There are a lot of resources that may be used in the homeschool classroom. Given here is a list of four resources that will make it much easier for the homeschool parent in the classroom.
A White Board
So much can be explained and done on a white board. It does not have to be very large, but it would be a good idea if it is hung up on a wall of the homeschool classroom. Ensure that you have white board markers in all different colors available along with a duster to wipe the board clean.
Art and Craft Supplies
No matter what subject you decide to make a project in, you will need all kinds of art supplies. It’s a good idea to invest in these scissors, cutters, colors, pencils, sharpers, glue and staplers in bulk. They do not spoil over time and they will always be used in the homeschool classroom.
A Laptop and Color Printer
Most families will already have a computer dedicated to the homeschool classroom. Having a laptop with an internet connection is such a basic requirement, that it need not even be mentioned. However having a color printer available at home is a resource that is quite invaluable. So many worksheets, lesson plans, notes and more can be printed out right in the homeschool classroom if a color printer is available.
A Lamination Machine
This may at first not seem to be a very useful resource to spend money on in a homeschooling family. However the sheer number of pages, documents, flash cards, and chore lists that you can laminate and save time on later will be well worth the initial expense of investing in a lamination machine.
Books are the best resource that a homeschool classroom can invest in. However physical books take up a lot of space, which can be in short supply in the homeschool classroom. They also tend to cost much more than their digital counterparts. This means that buying and using e-books is a much better alternative to spending on physical books. Plus with the Amazon Kindle, you have the option to use the Kindle Unlimited membership to have free access to hundreds of books at a very low cost.
Cutting down on expenses is not always easy when you have a classroom full of homeschool students. However there is always a way to stretch what resources you do have to benefit everyone. Here are some ways that you can do more without going bankrupt in your homeschool classroom.
Re-Use What You Have
Instead of investing in workbooks, invest in textbooks. These can be re-used for the next homeschool student who reaches the grade. Buy more unit studies as these will have activities and knowledge for different grade levels and experiences. Use educational games. These can be played with all the homeschool students and can be modified in difficulty levels as they grow older. The idea is to be able to use each resource that you buy for at least two academic sessions and with at least two of your homeschool students to make them more economically viable.
Inexpensive Supplies and Furniture
A lot of money and effort can be saved if you re-purpose what is already available within the home to use in the homeschool classroom rather than going for store bought supplies and furniture. Stock up on spiral notebooks in the month of August when they are cheapest. They can be used throughout the year for various purposes. Buy school supplies in bulk packages where ever possible to ensure that you get good discounts. Reuse school bags, pencil boxes and other material which is still in good condition. Buy something new only when the old breaks beyond repair.

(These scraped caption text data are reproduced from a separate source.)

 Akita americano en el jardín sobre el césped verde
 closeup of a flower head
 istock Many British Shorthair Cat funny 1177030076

Frugal Field Trips Combined with Errands
Taking the homeschool students on a field trip could often be combined with chores such as picking up groceries so as to save money on fuel. Also field trips can be made to places like public parks, town libraries and historical sites which do not have any entry fees. There is plenty of learning that can happen on such field trips as long as the homeschool parent plans the trip well in advance. Spending on food on a field trip can prove to be quite expensive, so make sure that each homeschool student has their own food packed from home.

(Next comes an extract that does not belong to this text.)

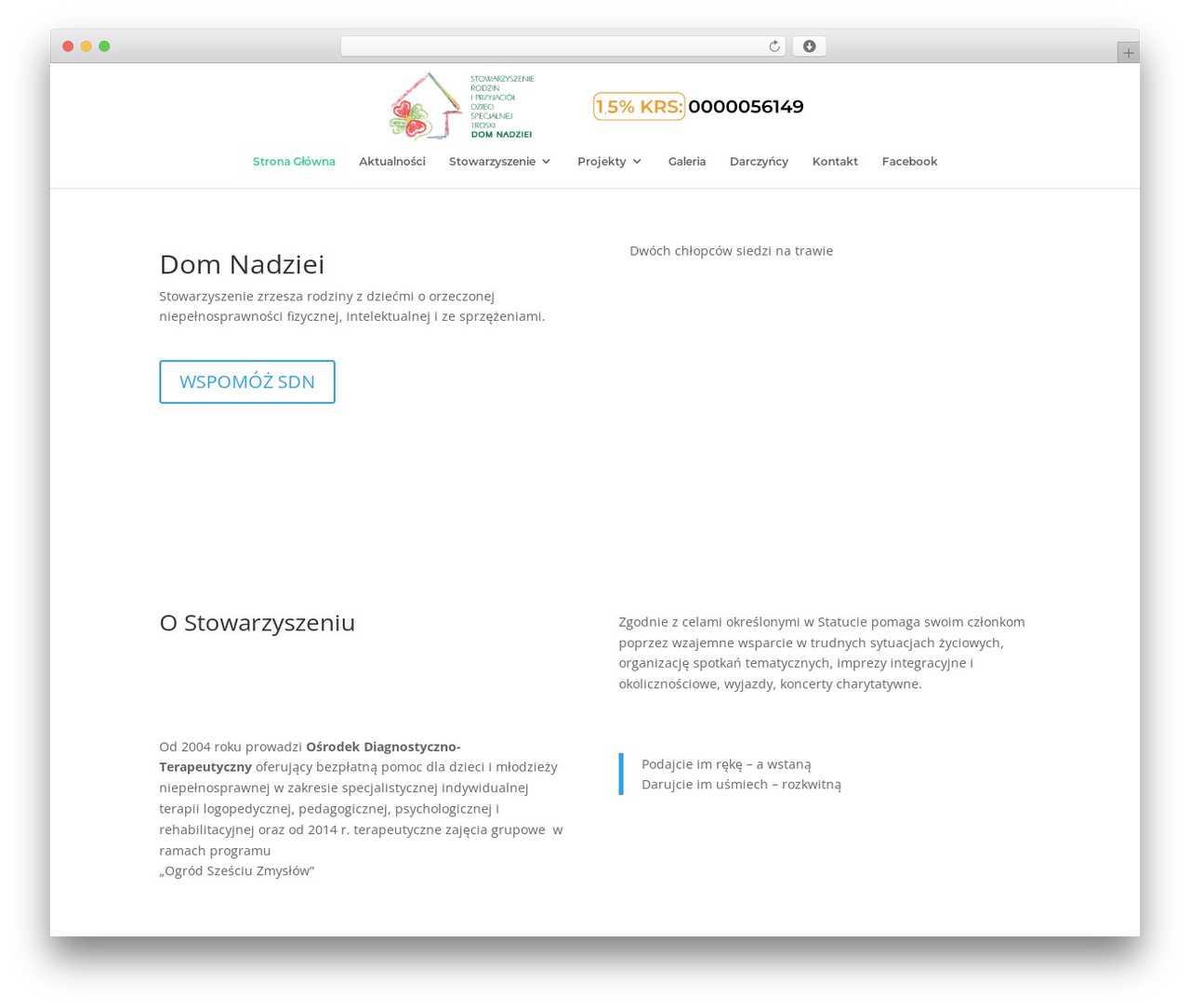 Divi theme WordPress - domnadziei.org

Money is always a consideration when a homeschool parent looks into resources for their homeschool students. There are always surprise expenses that tend to throw the homeschool budget out of kilter each academic session. However that does not mean that the homeschool students will have to do without good study material. Here are some ways to homeschool effectively on a shoestring budget.
Don’t Buy, Borrow
When it comes to text books, buying new ones can prove prohibitively expensive. Instead of buying new books look for homeschool cooperative associations and libraries from where you can borrow them. Many such libraries allow you to keep books for a month or more. Use each subject text book to set the tone for the topic being studied and then move on to using other free resources.
Buy Second Hand
Not only are many homeschool parents looking to recover some of the money that they spent on textbooks, it also gives the next homeschooling family a financial cushion to be able to buy textbooks second hand. Keep in touch with parents whose children are in a grade higher than your own and ask them about selling their text books at the end of the academic session. This can be a major savings source.
Books that may not be in the best of states physically are often sold for a song by libraries. The material inside is still good. Check the condition of the books before you buy them to see that you can use them with your homeschool students. You can get a number of reference books at an extremely reasonable rate if you keep track of the local library sales.
Public School Giveaways
While you may not get exactly the sort of books you want your homeschool students to read, you can still pick up map books, encyclopedias, workbooks and other reference material at these giveaways. There is no harm in checking out what you can pick up for free or at really minimal costs. Make sure that you go through all the second hand books you get before handing them over to your children to use.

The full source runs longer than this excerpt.